The president tweeted that TVA needed to “give serious consideration to all factors before voting to close viable power plants, like Paradise #3 in Kentucky.”
Phil McCausland reports for NBC News
The Tennessee Valley Authority announced Thursday that it would close two coal plants, including one that buys its fuel from one of Donald Trump’s campaign contributors, despite public pressure from the president to keep it open.
In a 5-2 vote, the public utility’s board of directors chose to shutter Kentucky’s Paradise Fossil plant in 2020 and Tennessee’s Bull Run plant in 2023. The Kentucky plant buys much of its fuel from Murray Energy, which is owned by Robert Murray, a generous supporter of Trump. The two dissenting votes came from Trump administration appointees.
The board met Thursday to discuss the potential shuttering of the plants that are 50 years old after a series of TVA assessments deemed them to be obsolescent and wasteful of energy. The independent federal agency said earlier in the week that the facilities produced a steady, inflexible amount of power and could not bend to “the increased volatility in energy consumption” of its customer base.
“Making decisions that impact employees and communities is difficult as we fulfill our commitment to keep power rates as low as possible,” TVA President and CEO Bill Johnson said. “We value the contributions of the employees of Paradise and Bull Run, and we will be working directly with them and local communities to ease the transition as much as possible.”

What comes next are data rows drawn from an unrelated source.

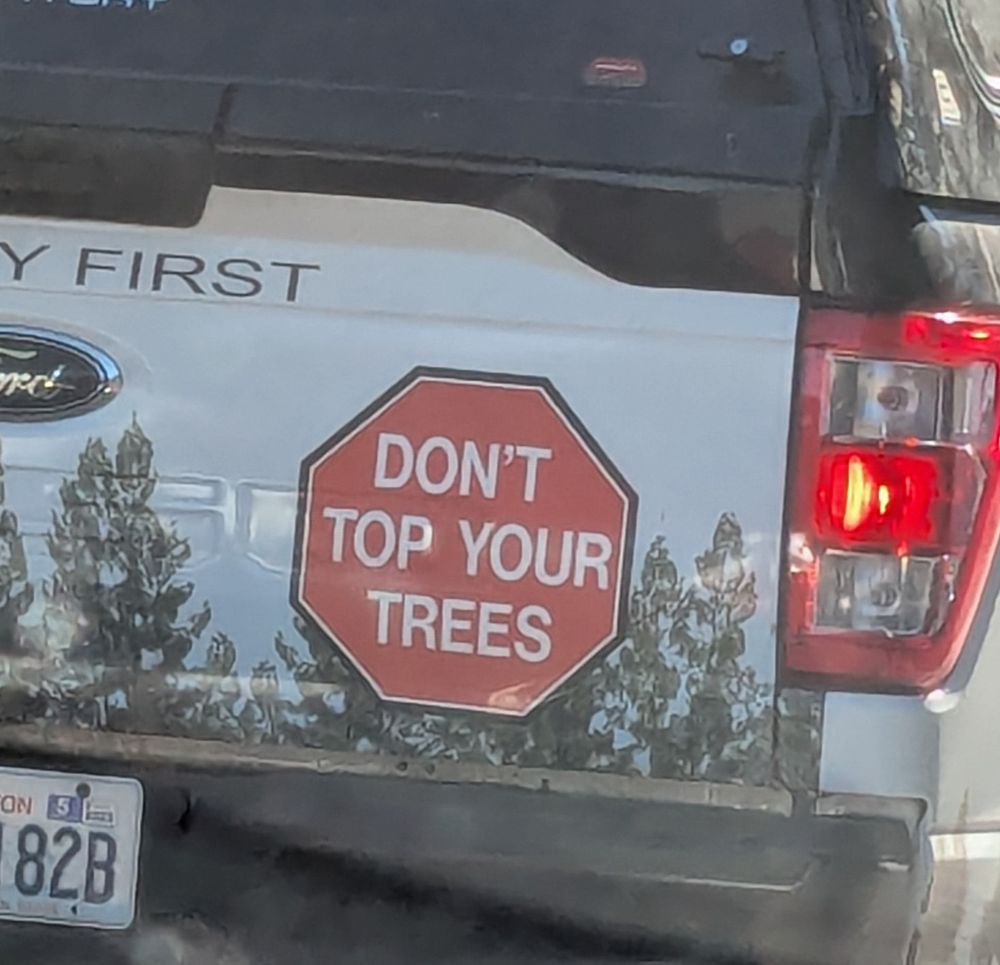 a car on the streets of Seattle with a big sign saying 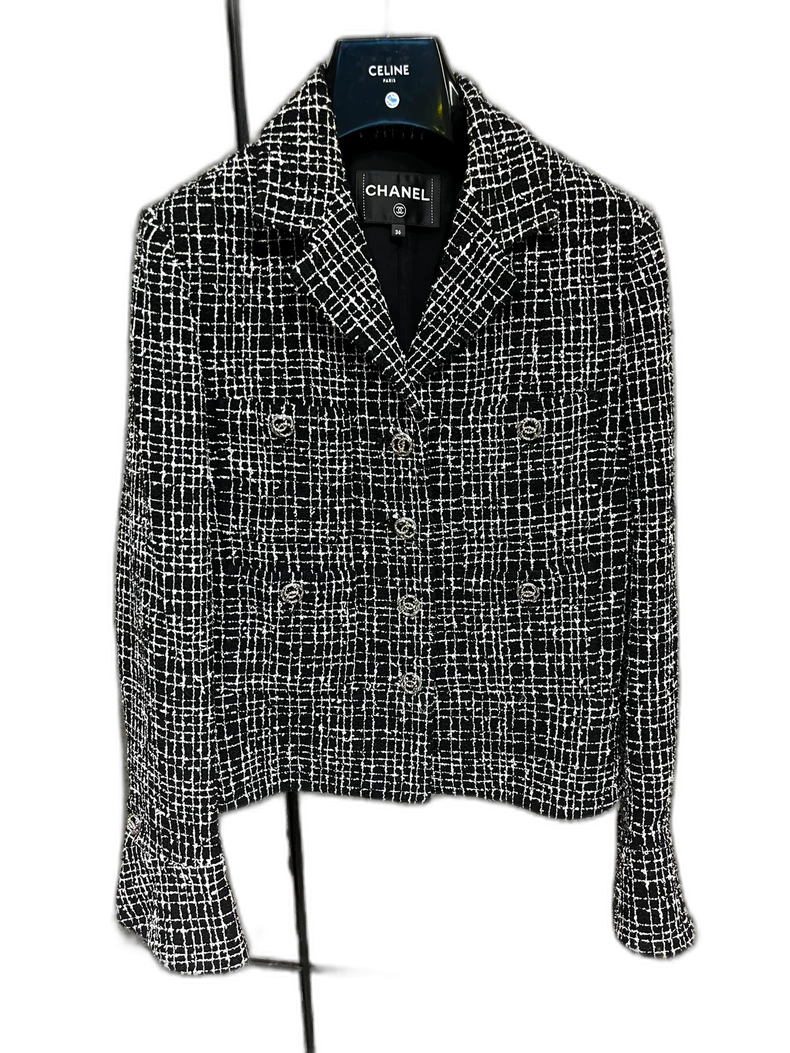 Chanel Woven Blazer Jacket Size 36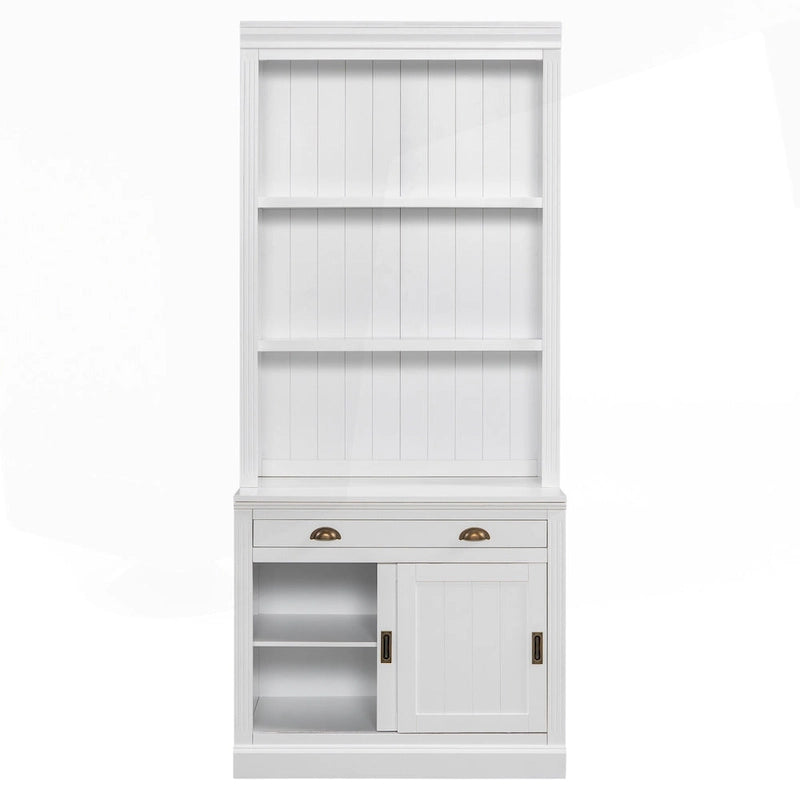 Modern Tall Bookshelf with LED Lighting and Versatile Storage Options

The president entered the fray over the potential closure Monday, stating on Twitter that the TVA needed to “give serious consideration to all factors before voting to close viable power plants, like Paradise #3 in Kentucky.”
Robert Murray, chief executive of Murray Energy Corp., speaks during an interview in his office at the Crandall Canyon Mine, in Huntington, Utah on Aug. 22, 2007.Jae C. Hong / AP file
Murray is a prolific donor to Republican causes through the Murray Energy Corporation Political Action Committee. The group donated almost $350,000 in the 2016 election, including $100,000 to the Trump Victory Super PAC, according to the Center for Responsive Politics.

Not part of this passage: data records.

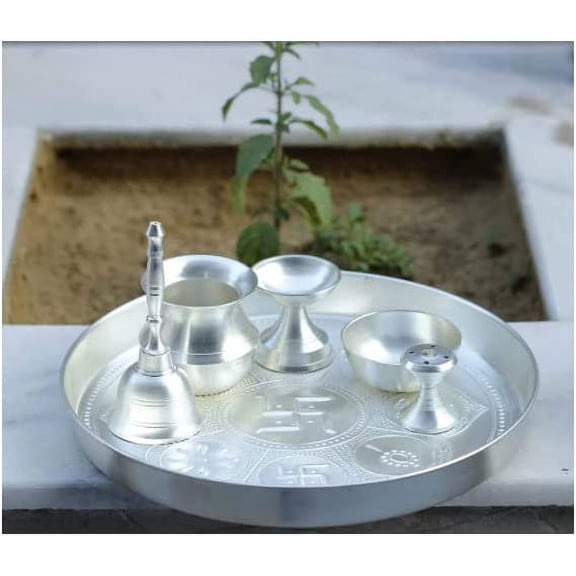 Brass Silver Ashtmangal Beeded Design Plated Pooja Thali/Prayer Plate Set (Approx. Dia. 8.1 Inch) with Silver Oil Lamp, Incense Holder, Katori, Kalash,handbell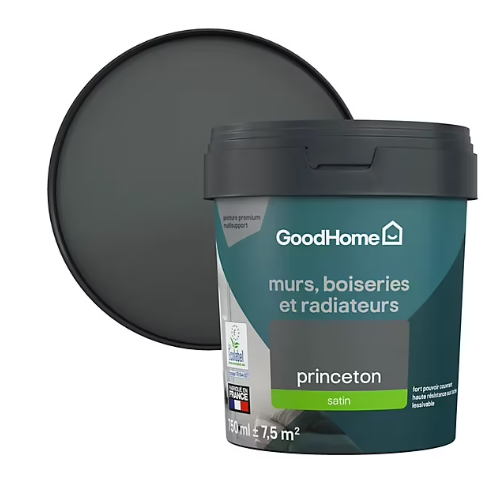 Peinture résistante murs, boiseries et métal GoodHome gris Princeton satin 0,75L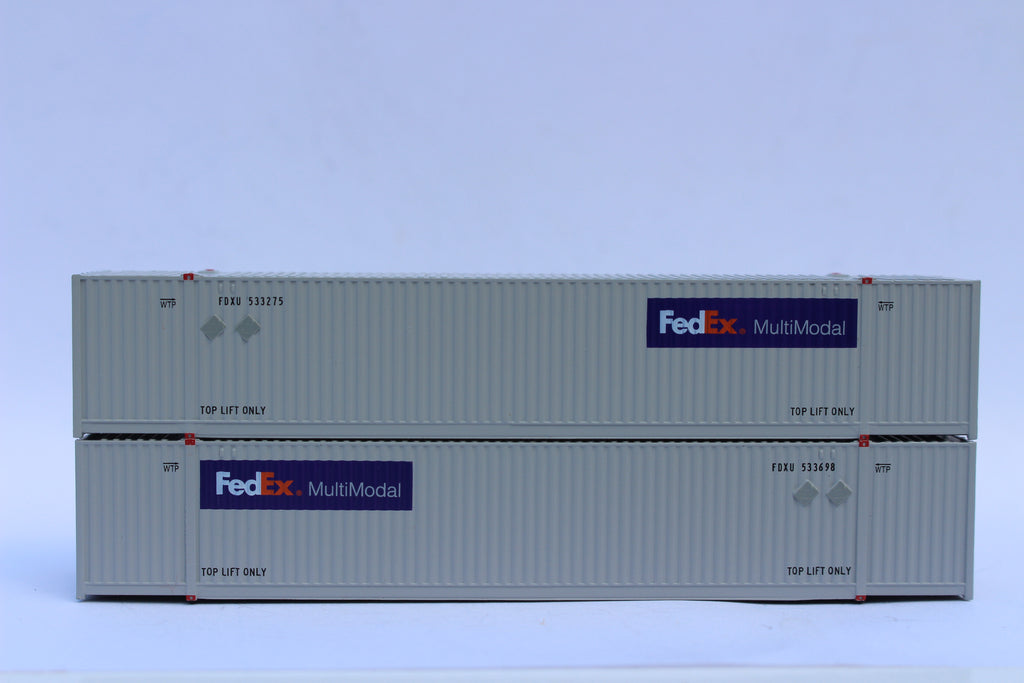 JTC Model Trains 537064 N FedEx Multimodal 53' HC 8-55-8 Corrugated Containers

Murray Energy said in an email earlier this week that its chairman “did not have any contact with President Trump or anyone in his administration on this issue.”
In a statement Thursday, Murray said that his company is “extremely disappointed in the TVA board decision.”

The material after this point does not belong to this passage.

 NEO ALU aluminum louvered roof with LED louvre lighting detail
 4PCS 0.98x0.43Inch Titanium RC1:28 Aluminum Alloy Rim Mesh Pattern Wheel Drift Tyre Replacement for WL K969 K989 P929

“We have 690 employees in the vicinity of the plant,” he said. “Further, every coal mining job, according to university studies, results in up to 11 additional jobs in our communities. This is up to 7,500 jobs in West Kentucky that could be affected.”
Neither he nor the company immediately clarified whether those employees faced losing their jobs because of the decision.
The White House declined to comment Thursday.